De la guerre apocalyptique provoquée par le soulèvement des machines dans Terminator aux infâmes bestioles créées par Robotnik dans le jeu vidéo Sonic, en passant par l’intelligence artificielle malveillante de l’ordinateur HAL dans 2001, l’Odyssée de l’espace, la vie et la culture nous ont appris à nous méfier des robots. Et ce ne sont ni la bonne bouille de WALL-E, ni les bavardages incessants de C-3PO qui y changeront quoi que ce soit. Voilà, du moins, ce que l’on pensait il y a encore quelques années.
Pourtant, en 2027, ces appréhensions sont de l’histoire ancienne. Ce soir justement, Alain et Meryem, un jeune couple marié depuis cinq mois, regardent ensemble un film en compagnie d’Isaac, le robot-humanoïde d’assistance et de sécurité, mesurant 1,75m, qu’ils ont acquis deux jours plus tôt. L’ambiance est pourtant un peu morose : Alain a appris qu’il allait être licencié de son poste de réceptionniste et remplacé par… un robot. A peine arrivé à la maison, avant même qu’il ait pu enfiler ses charentaises, Isaac lui a reproché de ne pas avoir fait suffisamment d’exercice aujourd’hui – chose qu’il venait de détecter via le podomètre connecté d’Alain.

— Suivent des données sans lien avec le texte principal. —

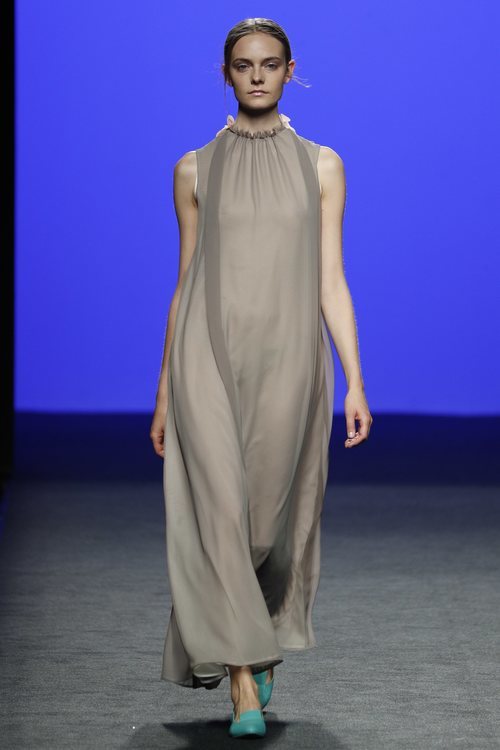 Vestido fluido de Devota&Lomba en Madrid Fashion Week primavera/verano 2019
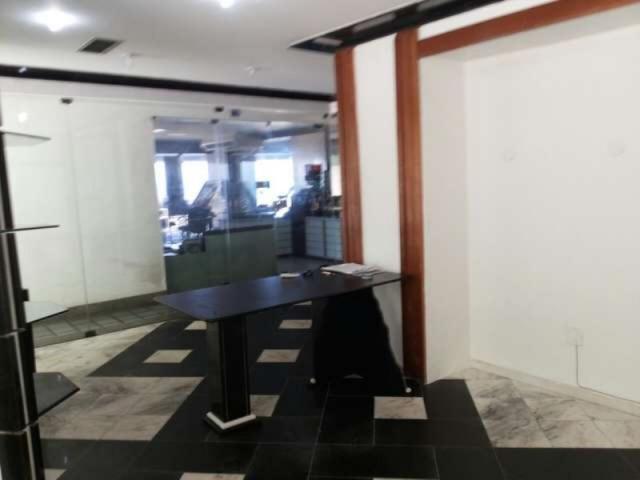Excelente oportunidade de negócio em ondina. sala para escritório ou loja.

Autant dire que le dialogue a été plutôt sec :
« Alain, que comptez-vous faire maintenant que vous êtes rentré ?
– M’asseoir dans le canapé et boire une bière.
– Il fait beau, peut-être pourriez-vous aller promener le chien pour marcher un peu ?
– Je t’ai demandé l’heure ?
– Il est précisément 18h32.
– …
– Ah pardon, vous indiquiez une forme de mécontentement.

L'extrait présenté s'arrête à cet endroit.